Source data:

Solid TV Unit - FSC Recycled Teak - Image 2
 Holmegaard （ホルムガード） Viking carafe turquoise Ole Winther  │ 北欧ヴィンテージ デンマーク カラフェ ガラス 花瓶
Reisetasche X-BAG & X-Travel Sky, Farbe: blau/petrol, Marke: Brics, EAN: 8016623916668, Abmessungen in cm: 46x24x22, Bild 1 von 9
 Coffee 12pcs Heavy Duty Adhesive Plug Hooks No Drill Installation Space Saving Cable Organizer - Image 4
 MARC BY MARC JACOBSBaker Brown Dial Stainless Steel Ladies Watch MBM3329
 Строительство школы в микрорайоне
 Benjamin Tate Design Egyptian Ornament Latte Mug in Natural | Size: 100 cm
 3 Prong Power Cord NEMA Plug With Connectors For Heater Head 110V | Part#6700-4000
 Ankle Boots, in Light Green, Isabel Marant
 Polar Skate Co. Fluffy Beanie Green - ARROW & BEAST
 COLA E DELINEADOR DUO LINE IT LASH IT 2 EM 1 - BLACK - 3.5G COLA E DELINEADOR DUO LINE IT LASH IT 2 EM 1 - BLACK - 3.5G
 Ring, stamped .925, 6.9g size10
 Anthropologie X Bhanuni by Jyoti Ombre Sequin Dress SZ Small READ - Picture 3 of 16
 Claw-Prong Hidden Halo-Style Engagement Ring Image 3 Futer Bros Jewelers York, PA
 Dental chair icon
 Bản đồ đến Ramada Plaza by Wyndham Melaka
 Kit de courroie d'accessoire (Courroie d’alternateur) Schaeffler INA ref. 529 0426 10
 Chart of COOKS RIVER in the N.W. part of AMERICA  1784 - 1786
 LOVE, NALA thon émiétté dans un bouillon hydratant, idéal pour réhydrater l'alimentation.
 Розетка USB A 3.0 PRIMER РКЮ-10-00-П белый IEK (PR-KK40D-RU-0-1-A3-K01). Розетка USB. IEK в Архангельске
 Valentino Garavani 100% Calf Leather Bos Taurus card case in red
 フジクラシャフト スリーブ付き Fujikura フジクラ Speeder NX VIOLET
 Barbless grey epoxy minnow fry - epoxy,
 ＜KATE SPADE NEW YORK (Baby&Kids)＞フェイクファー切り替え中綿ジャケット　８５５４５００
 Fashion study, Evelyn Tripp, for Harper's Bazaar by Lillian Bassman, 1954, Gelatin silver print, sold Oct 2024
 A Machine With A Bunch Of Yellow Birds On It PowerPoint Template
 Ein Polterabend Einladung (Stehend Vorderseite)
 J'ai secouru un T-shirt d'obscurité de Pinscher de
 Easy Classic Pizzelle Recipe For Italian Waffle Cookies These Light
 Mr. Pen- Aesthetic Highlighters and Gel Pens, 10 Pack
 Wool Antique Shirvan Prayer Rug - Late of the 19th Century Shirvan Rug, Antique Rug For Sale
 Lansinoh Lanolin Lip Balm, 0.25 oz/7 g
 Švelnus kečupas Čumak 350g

What is expected:
Begin at the first line of the entries above and copy every line exactly, ending with the line that contains "Coffee 12pcs Heavy".

Exercise output:
Solid TV Unit - FSC Recycled Teak - Image 2
 Holmegaard （ホルムガード） Viking carafe turquoise Ole Winther  │ 北欧ヴィンテージ デンマーク カラフェ ガラス 花瓶
Reisetasche X-BAG & X-Travel Sky, Farbe: blau/petrol, Marke: Brics, EAN: 8016623916668, Abmessungen in cm: 46x24x22, Bild 1 von 9
 Coffee 12pcs Heavy Duty Adhesive Plug Hooks No Drill Installation Space Saving Cable Organizer - Image 4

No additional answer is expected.